From CAC Documentation wiki
Jump to navigationJump to search

This is a user-level guide for syncing a directory to CAC Archival Storage using Globus.

Prerequisites

  • You know how to log into Globus.
  • You are a user of a CAC project with archival storage service enabled. In this document, <CACUser> denotes your CAC user name and <CACProject> denotes your CAC project name.
  • On the Linux host from where you want to run (either one time or regularly scheduled) sync commands, install Globus CLI client. The syncing script is a bash shell command so only Linux is supported.
  • Tip: If running the pip3 install globus-cli command works for you, you can skip the install Globus CLI client documentation altogether.
  • If the source directory is not located on an existing Globus Connect Server endpoint, install Globus Connect Personal for Linux, MacOS, or Windows on the host where the source directory is located.

Log into Globus using CLI

On the Linux host from where you want to run sync commands,

  • Log into Globus using Globus CLI:
 $ globus login
 Please authenticate with Globus here:
 ------------------------------------
 https://auth.globus.org/v2/oauth2/authorize?...........
 ------------------------------------
 
 Enter the resulting Authorization Code here: 
Copy and paste the URL https://auth.globus.org/v2/oauth2/authorize?........... into a web browser. Log into Globus as instructed in the web browser. After logging in, copy and paste the code back into the session where you ran the globus login command and press enter.
You have successfully logged in to the Globus CLI!

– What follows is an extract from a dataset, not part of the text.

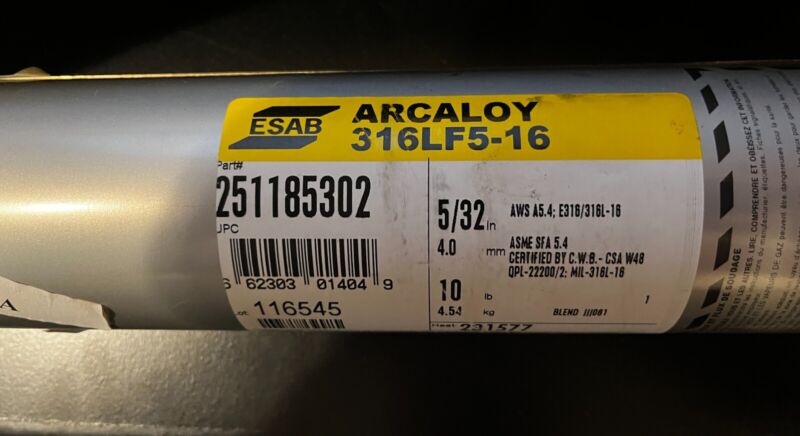 NEW ESAB 40 Lbs 5/32 Arcaloy 316LF5-16 Stainless Steel Welding Rods / Electrodes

You can check your primary identity with
  globus whoami

For information on which of your identities are in session use
  globus session show

Logout of the Globus CLI with
  globus logout
  • Verify you are logged into Globus using the globus whoami command and you should get your Globus ID in the output:
$ globus whoami
shl1@cornell.edu

Make a Shared Endpoint on CAC Archive

  • In a web browser, log into Globus. Under File Manager, go to cac#archive02 endpoint and navigate to /export/<CACProject>. If you'd like, make a new directory to which data will be copied from the source directory.

Configure the Source Endpoint

  • If your source directory is located on an existing Globus Connect Server endpoint, you will need to make it a shared endpoint just as you did for the destination directory on CAC Archive.
  • If the source directory is not located on an existing Globus Connect Server endpoint, install Globus Connect Personal for Linux, MacOS, or Windows on the host where the source directory is located. Start the Globus Connect Personal endpoint on the source host.

Locate Source and Destination Endpoints

  • Back in Globus CLI client, locate the IDs of source and destination endpoints using the globus endpoint search --filter-scope my-endpoints command:
$ globus endpoint search --filter-scope my-endpoints
ID                                   | Owner            | Display Name          
------------------------------------ | ---------------- | ----------------------
4c8b5dda-389e-11ea-9710-021304b0cca7 | shl1@cornell.edu | my_source_endpoint
606579ae-5b03-11e9-bf32-0edbf3a4e7ee | shl1@cornell.edu | cac_archive_endpoint   

Install the cli-sync.sh script

  • Download the cli-sync.sh script onto your Linux host.
  • Open cli-sync.sh file and modify the following variables with appropriate values:
  • SOURCE_ENDPOINT: ID of your source endpoint
  • DESTINATION_ENDPOINT: ID of your destination point
  • SOURCE_PATH: Should probably be "/"
  • DESTINATION_PATH: Should probably be "/"
  • SYNCTYPE: Read the comments in the script and decide carefully. checksum is the safest but slowest because it will make the destination host (CAC archive) to read the copied files from disk again to verify the checksum.
  • You now run cli-sync.sh script directly from the shell or as a cronjob for scheduled archival.